Janine Jansen and Thomas Søndergård take on two titans.

Both major works on the Sydney Symphony Orchestra’s Sibelius and Mahler programme began on the very edge of silence. Whisper quiet strings, teased gently out of the air by Danish conductor Thomas Søndergård, became a cushion over which violinist Janine Jansen floated with subtle grace in the opening bars of Sibelius’ Violin Concerto, before her tone grew more lyrical, ringing with passionate vibrato.

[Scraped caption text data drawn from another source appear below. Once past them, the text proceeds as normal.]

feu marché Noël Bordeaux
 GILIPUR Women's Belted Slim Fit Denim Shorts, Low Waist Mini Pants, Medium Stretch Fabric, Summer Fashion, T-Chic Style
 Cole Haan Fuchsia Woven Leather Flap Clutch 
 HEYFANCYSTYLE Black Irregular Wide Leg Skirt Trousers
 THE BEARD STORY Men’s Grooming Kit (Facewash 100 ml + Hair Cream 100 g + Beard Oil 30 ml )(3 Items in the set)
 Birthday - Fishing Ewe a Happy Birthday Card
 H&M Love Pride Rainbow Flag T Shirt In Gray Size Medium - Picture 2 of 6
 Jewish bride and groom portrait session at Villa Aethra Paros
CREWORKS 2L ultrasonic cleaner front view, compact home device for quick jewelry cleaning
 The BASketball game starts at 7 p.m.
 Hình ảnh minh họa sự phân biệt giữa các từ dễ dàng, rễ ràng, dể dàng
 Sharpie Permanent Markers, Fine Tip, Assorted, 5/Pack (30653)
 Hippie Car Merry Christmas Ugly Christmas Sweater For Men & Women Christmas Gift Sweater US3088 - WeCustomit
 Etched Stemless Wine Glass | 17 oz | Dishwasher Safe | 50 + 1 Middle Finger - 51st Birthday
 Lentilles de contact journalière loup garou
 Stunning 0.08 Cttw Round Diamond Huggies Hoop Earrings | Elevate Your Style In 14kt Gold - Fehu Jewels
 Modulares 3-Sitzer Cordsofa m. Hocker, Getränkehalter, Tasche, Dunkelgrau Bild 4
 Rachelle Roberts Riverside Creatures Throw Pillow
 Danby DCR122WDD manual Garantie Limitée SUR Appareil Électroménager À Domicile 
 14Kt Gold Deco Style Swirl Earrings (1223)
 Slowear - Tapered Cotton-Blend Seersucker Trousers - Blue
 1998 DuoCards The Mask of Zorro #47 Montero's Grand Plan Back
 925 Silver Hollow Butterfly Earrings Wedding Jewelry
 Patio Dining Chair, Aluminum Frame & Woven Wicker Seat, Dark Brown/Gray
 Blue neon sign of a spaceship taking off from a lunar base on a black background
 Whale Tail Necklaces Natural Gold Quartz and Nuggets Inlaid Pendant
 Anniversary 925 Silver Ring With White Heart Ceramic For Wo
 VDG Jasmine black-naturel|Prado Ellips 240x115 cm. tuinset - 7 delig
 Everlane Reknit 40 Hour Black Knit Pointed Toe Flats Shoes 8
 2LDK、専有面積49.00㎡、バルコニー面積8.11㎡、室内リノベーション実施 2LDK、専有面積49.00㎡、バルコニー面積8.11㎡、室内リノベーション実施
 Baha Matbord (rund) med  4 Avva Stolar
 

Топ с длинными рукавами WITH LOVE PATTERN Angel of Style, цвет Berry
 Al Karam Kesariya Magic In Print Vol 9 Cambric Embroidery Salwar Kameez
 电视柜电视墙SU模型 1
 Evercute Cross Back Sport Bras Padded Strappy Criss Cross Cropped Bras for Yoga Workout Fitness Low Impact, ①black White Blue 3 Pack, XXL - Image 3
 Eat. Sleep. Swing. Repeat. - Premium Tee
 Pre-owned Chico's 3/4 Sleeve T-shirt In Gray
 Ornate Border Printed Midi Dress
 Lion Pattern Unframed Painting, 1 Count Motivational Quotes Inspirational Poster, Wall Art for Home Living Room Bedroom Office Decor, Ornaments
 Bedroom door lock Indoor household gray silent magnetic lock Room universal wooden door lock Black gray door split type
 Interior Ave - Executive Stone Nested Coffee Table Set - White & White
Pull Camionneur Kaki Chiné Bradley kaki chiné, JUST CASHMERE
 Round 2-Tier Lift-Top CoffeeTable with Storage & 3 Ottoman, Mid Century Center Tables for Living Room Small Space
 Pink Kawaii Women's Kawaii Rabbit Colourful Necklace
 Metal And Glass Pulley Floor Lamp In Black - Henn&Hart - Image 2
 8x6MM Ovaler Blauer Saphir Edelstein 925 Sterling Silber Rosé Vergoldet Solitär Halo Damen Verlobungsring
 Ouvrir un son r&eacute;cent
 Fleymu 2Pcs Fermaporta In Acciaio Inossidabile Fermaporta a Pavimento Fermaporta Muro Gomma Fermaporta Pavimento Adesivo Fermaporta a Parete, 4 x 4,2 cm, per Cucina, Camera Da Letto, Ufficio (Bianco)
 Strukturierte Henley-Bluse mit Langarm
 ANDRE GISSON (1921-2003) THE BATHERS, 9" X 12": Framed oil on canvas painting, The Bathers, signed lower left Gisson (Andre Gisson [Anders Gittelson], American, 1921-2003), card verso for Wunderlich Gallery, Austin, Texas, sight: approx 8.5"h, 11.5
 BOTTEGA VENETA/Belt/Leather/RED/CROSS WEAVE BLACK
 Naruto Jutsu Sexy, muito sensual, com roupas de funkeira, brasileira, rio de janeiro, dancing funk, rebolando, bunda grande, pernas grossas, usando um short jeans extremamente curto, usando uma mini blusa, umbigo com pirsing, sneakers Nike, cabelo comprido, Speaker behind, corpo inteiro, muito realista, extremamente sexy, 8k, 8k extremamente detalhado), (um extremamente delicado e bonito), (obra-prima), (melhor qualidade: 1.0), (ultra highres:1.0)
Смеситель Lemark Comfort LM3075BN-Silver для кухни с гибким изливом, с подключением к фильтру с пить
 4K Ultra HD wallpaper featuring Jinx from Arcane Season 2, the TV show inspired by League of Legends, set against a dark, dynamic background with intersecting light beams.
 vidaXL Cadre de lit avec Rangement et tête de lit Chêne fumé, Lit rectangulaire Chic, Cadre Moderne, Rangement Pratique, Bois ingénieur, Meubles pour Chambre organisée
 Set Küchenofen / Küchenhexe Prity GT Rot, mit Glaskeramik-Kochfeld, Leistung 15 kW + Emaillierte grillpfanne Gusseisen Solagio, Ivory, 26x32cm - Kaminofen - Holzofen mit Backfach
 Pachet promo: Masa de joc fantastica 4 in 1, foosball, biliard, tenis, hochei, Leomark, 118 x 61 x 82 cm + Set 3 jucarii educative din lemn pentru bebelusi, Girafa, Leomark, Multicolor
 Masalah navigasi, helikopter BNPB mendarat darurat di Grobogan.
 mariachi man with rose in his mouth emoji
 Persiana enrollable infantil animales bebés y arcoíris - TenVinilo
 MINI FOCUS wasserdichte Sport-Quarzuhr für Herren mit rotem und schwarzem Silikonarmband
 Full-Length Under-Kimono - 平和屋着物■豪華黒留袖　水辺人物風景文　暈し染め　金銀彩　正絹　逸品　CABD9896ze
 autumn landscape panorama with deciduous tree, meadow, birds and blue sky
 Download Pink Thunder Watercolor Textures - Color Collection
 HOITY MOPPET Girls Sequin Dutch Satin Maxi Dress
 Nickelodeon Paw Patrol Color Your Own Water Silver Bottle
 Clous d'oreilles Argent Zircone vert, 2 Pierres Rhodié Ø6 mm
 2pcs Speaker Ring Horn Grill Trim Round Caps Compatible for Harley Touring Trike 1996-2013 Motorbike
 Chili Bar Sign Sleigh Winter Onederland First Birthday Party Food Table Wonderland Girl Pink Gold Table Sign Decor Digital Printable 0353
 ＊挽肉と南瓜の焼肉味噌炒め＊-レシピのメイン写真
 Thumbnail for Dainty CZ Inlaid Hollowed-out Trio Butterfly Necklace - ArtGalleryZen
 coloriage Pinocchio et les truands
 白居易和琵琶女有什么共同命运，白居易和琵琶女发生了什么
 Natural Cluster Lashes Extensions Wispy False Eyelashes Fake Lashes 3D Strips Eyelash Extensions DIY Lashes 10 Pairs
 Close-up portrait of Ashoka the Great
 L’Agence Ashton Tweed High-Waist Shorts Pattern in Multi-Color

The Dutch violinist, whose last appearance with the SSO was in 2015 playing the Brahms Concerto, brought exquisite colouration and technical finery to what was to be Sibelius’ only concerto. Sibelius – whose own ambitions to be a virtuoso violinist were thwarted by a cocktail of injury, performance anxiety and a late start – wrote the concerto in 1904, and while the initial reception was mixed, Jascha Heifetz’s championing of the work in the 1930s cemented its place in the repertoire alongside the other major violin concertos. Its dedicatee Willy Burmeister wrote upon receiving the score: “I can only say one thing: wonderful! Masterly! Only once before have I spoken in such terms to a composer, and that was when Tchaikovsky showed me his concerto.”

Janine JansenJanine Jansen. Photo © Marco Borggreve

Jansen was a more than convincing champion of the work on Wednesday night, wielding a dark, edgy tone and earthy energy alongside delicate tracery in the first movement. Søndergård’s sensitive leadership bringing forth explosive brass accents and a broad tutti sound without ever threatening to overpower the soloist. Jansen’s double-stops sang brightly while her blistering cadenza shot sparks of fierce virtuosity.

Jansen brought a mellower, expansive tone to the Adagio, carving out broader lines and leaving the final note to hang in the air like a delicate thread. Over the driving orchestra, she hit the finale with a gritty folk energy to deliver a high velocity, dazzling climax.

Like the Sibelius, Mahler’s First Symphony came out of nothing, a hazy drone underpinning birdsong from the winds, far off fanfares and the two-note ‘cuckoo’ motif that threads through the symphony.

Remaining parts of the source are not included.